Contrario a la tradicional fórmula del shock, el pueblo no se quedó paralizado y salió a las calles, creando problemas en el gobierno para sacar adelante aquello que se suponía debía avanzar sin inconvenientes. Lo sucedido en nuestro país el anterior año es un caso excepcional de cuando el pueblo logra contrarrestar una estrategia tan fuerte como la que la doctrina del shock plantea.
A través de algunos de los acontecimientos más importantes en la historia de la violencia colombiana, evidenciamos la presencia de un constante estado de shock que ha permitido a los gobiernos implementar medidas malas o impopulares sin recibir contestación alguna.
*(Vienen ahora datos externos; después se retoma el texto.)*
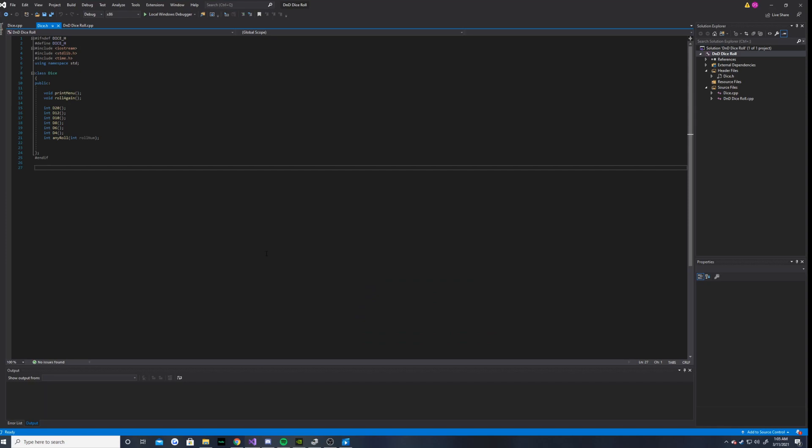Hello everybody, in this video I will be showing you guys my C++ dice rolling program.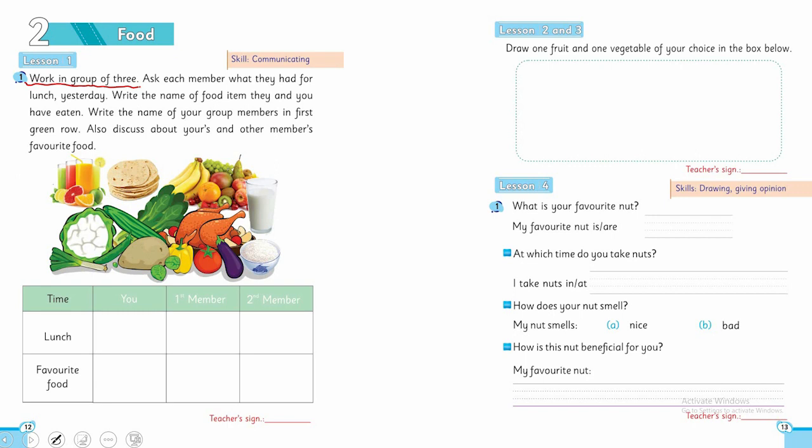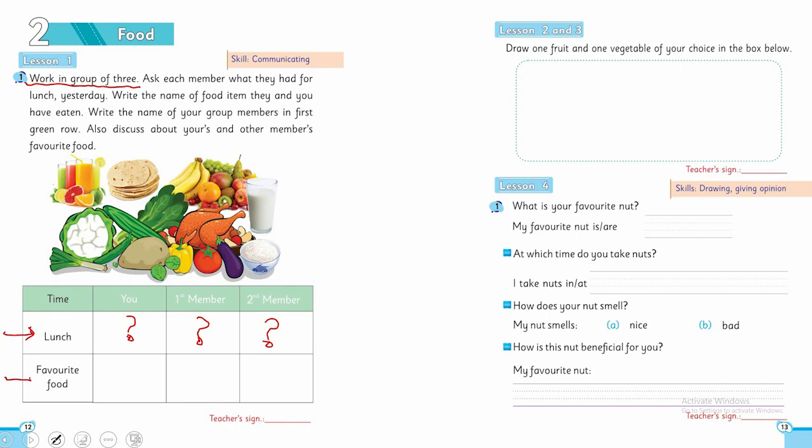Work in groups of three. Ask each member about their daily routine. This is the first column where you write about lunch, and the second column where you write about your favorite food.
En esta revisión histórica tan pesimista a primera vista, podemos afirmar que en Colombia existe una luz de esperanza. Por primera vez en mucho tiempo, como lo demuestra la encuesta citada y algunas otras investigaciones, el conflicto y la seguridad han dejado de ser temas privilegiados, siendo reemplazados por asuntos como la salud, la economía y la corrupción.
Con unas elecciones avecinándose, parecemos presenciar el escenario perfecto para salir por fin de esa espiral de violencia que nos ha convertido en presa constante de la doctrina del shock. El día en que la política cotidiana importe más que una guerra que amenaza nuestras vidas constantemente, será el día en que se haga posible la memoria en nuestra patria desangrada.
Solo entonces, cuando entendamos nuestro pasado sin ser nublados por una ola de sangre, podremos construir un mejor estado en que las decisiones pasen por el ojo de los ciudadanos; así se podría combatir un poco contra eso tan siniestro que es la doctrina del shock.